When Georgia parents take on the solemn task of choosing adults to step in and become legally responsible for their children should they themselves die or become incapacitated, they often choose close family members to fulfill the role. However, choosing a legal guardian is a serious matter that parents should only make after considering various factors, including whom they believe would act in their children’s best interests at all times. While it’s easy and perhaps natural to want to choose relatives, the truth is, it might not always be the best decision.
One woman wrote about choosing her own parents, but explained that instead of choosing her brother as a back-up guardian (which her mother assumed she would do) she chose her husband’s sister. She told her mother that she and her husband gave the matter much consideration and believed they had made the best choice, namely because the woman’s brother was not married and had next to no experience with children. These types of factors may require careful consideration.

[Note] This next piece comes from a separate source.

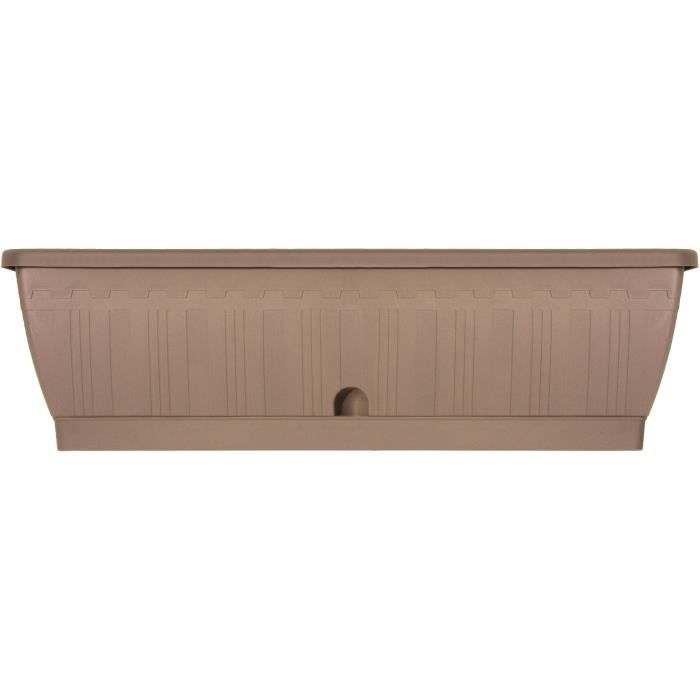 Jardiniere - GARDEN ID Terraflor - Tortora 60 cm - Durabilit� - Riserva d'acqua - Riciclato e riciclabile al 100% - Volume per le piante.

When choosing a legal guardian, it is best to keep several things in mind. Firstly, the person so-named need not be a biological relative of the child. In addition, if a married couple is being chosen, it might be a good idea to only include one person’s name in the will, just in case the marriage does not last.
Remember that a legal guardian choice should be written in a will and signed before appropriate witnesses according to Georgia law. Before doing so, it is best to let the person or people being designated know, so an opportunity to decline is provided. A long-term care planning attorney can answer any questions a concerned parent may have about the legal guardian process.